USF scientists lead a grant to better forecast sargassum blooms for coastal communities
A massive sargassum bloom inundated coastlines in Florida and the Caribbean earlier this year. Now, the University of South Florida is leading a $3.2 million grant to bridge a gap in tracking the algae from the open ocean to land.
Coastlines in Florida and the Caribbean were saturated with a harmful algal bloom earlier this year.
The brown, moss-like algae is called sargassum. It's been around for hundreds of years in the North Atlantic.
But the 5,000-mile-long, 13-ton algal bloom from the western portion of Africa to the Gulf of Mexico was absent prior to 2011, according to oceanographer Brian Barnes.
Since then, scientists have been more closely studying what is now called the Great Atlantic Sargassum Belt because of its massive size.

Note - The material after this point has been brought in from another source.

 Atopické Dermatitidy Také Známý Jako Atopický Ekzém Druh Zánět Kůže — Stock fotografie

Weather satellites allowed them to follow the blooms in the open ocean. But as the algae approached a shoreline, scientists lost tracking capabilities.
Barnes is with the University of South Florida College of Marine Science, which is leading a five-year, $3.2 million grant to develop a forecasting system to help change that.

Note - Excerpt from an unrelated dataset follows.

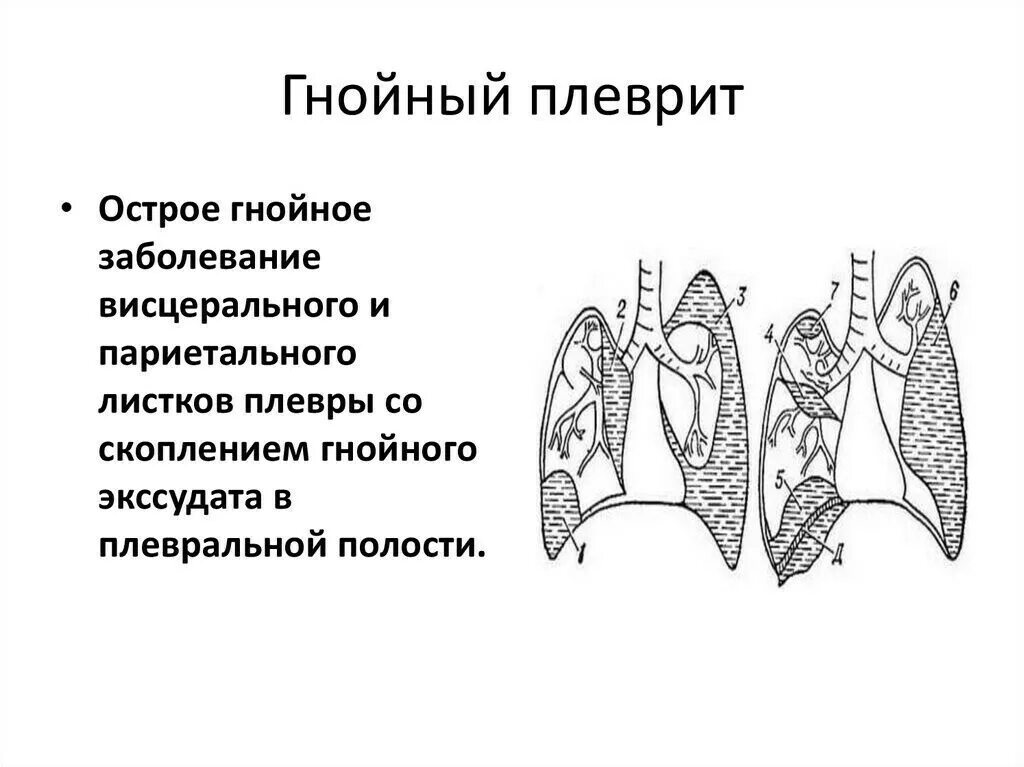 клинические проявления гнойного плеврита. гнойный плеврит это. признак острого гнойного плеврита. острый гнойный плеврит ( эмпиема плевры). гнойный плеврит причины.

Barnes said the grant will help "bridge that gap" between tracking the sargassum in the open ocean and land. Scientists will be able to pinpoint coastal communities that will be impacted by the algae.
"We can say this particular patch is going to be a factor affecting this particular beach within a couple of days, rather than just saying, 'there's a ton of sargassum out there and it's impacting these regions,'" he said.
The grant gives scientists the ability to use higher-resolution sensors to narrow the scale of tracking the algae from kilometers to meters. When a satellite passes, they will collect the data, and then confirm it with boats and drone footage.